Des expertises, il y a en déjà eu cinq depuis 2000. Alors pourquoi d'autres? "L'ADN n'a pas dit son dernier mot", répond Marie-Christine Chastant-Morand, autre avocate des époux Villemin. "Le temps est plutôt favorable" à l'enquête "car il permet de bénéficier de l'évolution de la science".
"On peut aujourd'hui percer le mystère des pharaons. Alors pourquoi pas celui-là?", renchérit son collègue, François Saint-Pierre, pour qui il reste possible de "sauver une enquête si mal partie".
Acharnement ?
"Oui, l'ADN peut parler 40, 50 ans après", estime le professeur Christian Doutremepuich, fondateur du laboratoire de Bordeaux spécialisé dans les affaires non résolues. "Les gens travaillaient déjà bien il y a 40 ans. On savait conserver l'ADN", assure celui qu'on surnomme "le pape de l'ADN" et qui a travaillé sur l'affaire Grégory.
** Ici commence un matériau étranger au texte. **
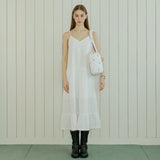 Lace Layered Sleeveless Long Dress _ White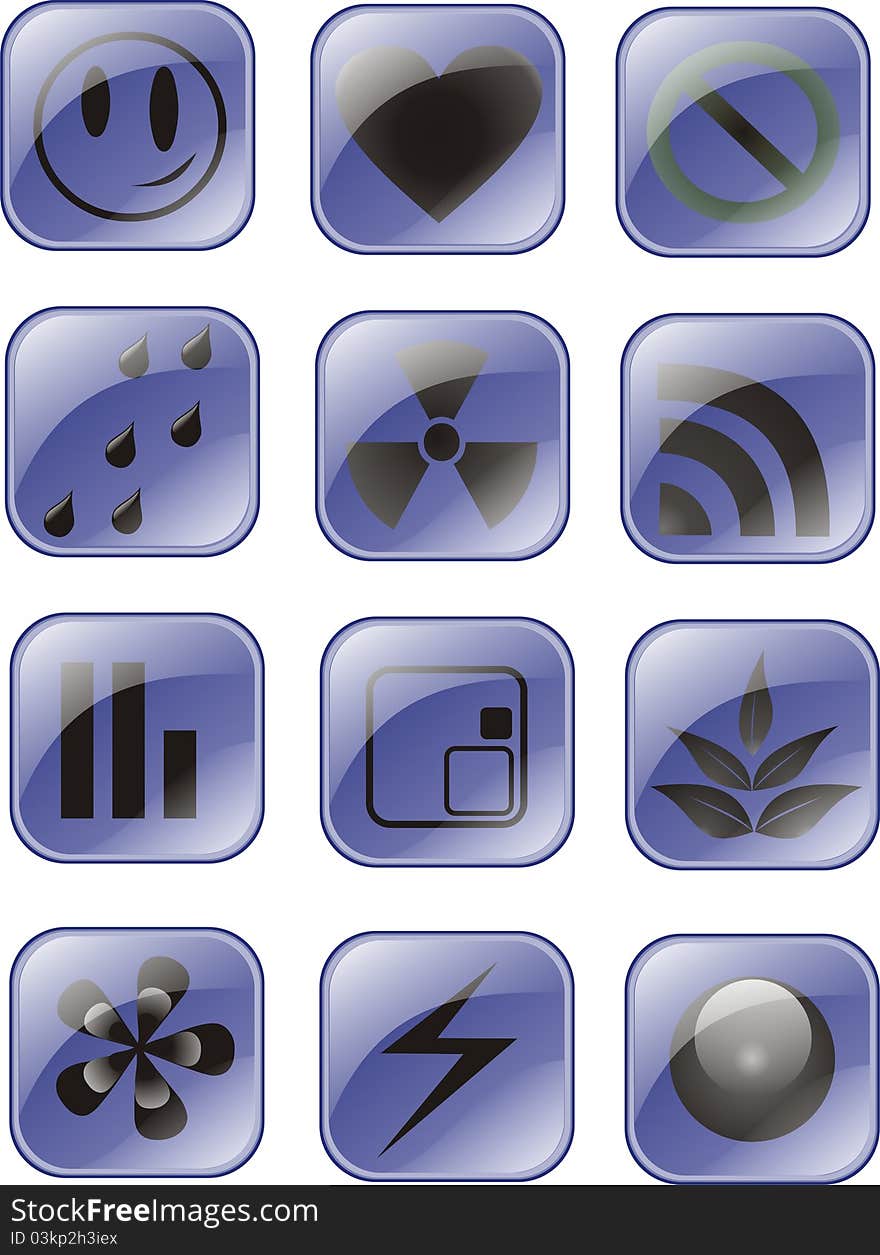 Web icons, buttons on a white background,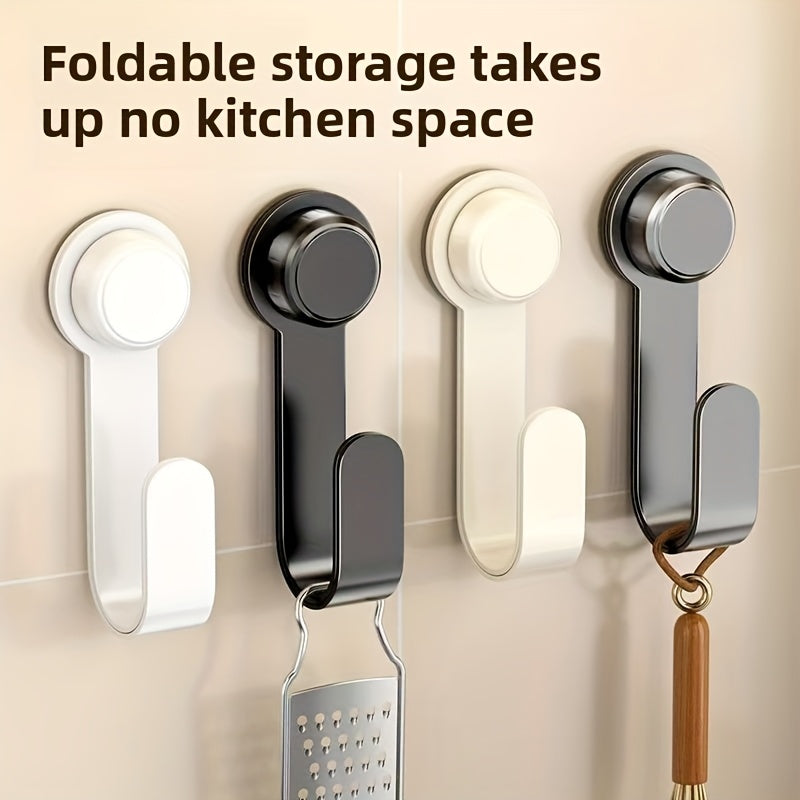 AnYabong Foldable Space-Saving Kitchen Organizer - Multi-Functional Hooks for Pot Lids, Cutting Boards & Utensils, Durable Metal with Super Absorption, Waterproof Design, Polished Finish (Black/White), Kitchen Organizers And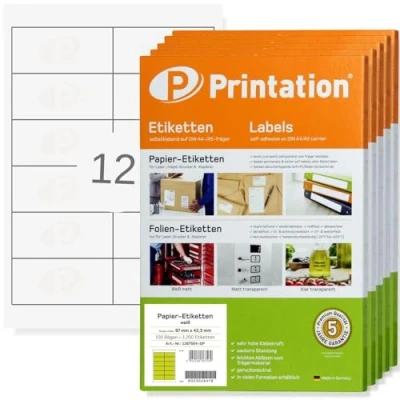 Abbildung von Printation Etiketten 97 x 42,3 mm 6000 Aufkleber auf 500 Blatt DIN A4 BigPack 2x6 12 97x42,3 Adressaufkleber selbstklebend blanko weiß Adressetiketten Briefversand 4623 5056 LA140 3659 4781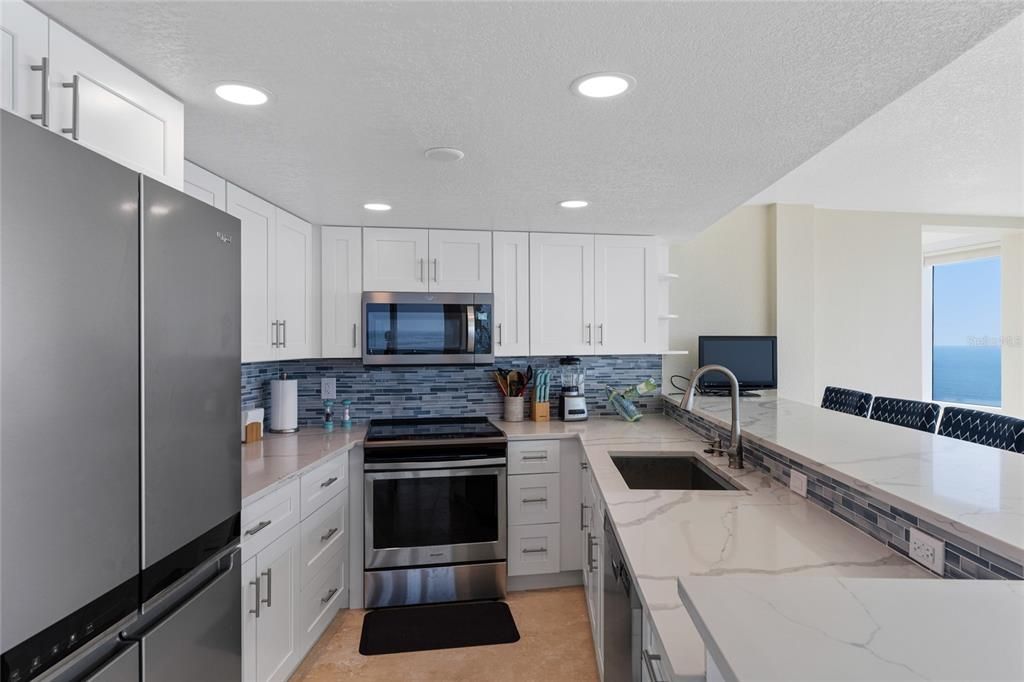 Interior, Kitchen, Recessed Lighting, Stainless Steel Appliances, Water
"Je suis un peu sceptique là-dessus", croit en revanche l'ancien colonel de gendarmerie Étienne Sesmat, premier directeur d'enquête sur le dossier. "Parce qu'on n'a pas d'ADN lié à l'affaire (du sang, du sperme) mais seulement un ADN de contact, l'ADN qu'on laisse en manipulant des objets : je vous serre la main, vous prenez un couteau, vous tuez quelqu'un, c'est peut-être mon ADN qu'on retrouvera sur le couteau", explique l'enquêteur.
Dans son nouveau livre "Les Deux Affaires Grégory" (éditions Presses de la Cité), l'ancien gendarme réaffirme qu'il est "établi" que Bernard Laroche, tué par Jean-Marie Villemin, a enlevé et tué Grégory.
En 1993, dans son arrêt blanchissant Christine Villemin, la Cour d'appel de Dijon estime qu'il existe des "charges très sérieuses" que ce soit Bernard Laroche qui ait kidnappé Grégory.
C'est aussi l'avis des avocats des époux Villemin: "Nous pensons que Bernard Laroche a enlevé l'enfant et des comparses l'ont tué".
Quarante ans après les faits, est-il encore possible de connaître la vérité? "Je ne pense pas. Elle serait déjà sortie", répond Alexandre Bouthier, avocat de Jacqueline Jacob, grand-tante de Grégory, qui dénonce un "acharnement". "Rien que les expertises ADN en 2017 ont coûté 400.000 euros" à la justice, souligne-t-il.
"Il faut continuer", répond le procureur général. "On le doit à un petit garçon, à des parents". "Il y a encore des témoins qui sont de ce monde. Il y a encore des éléments scientifiques qui peuvent concourir au dossier. Essayer de découvrir la vérité n'est jamais un acharnement", conclut-il.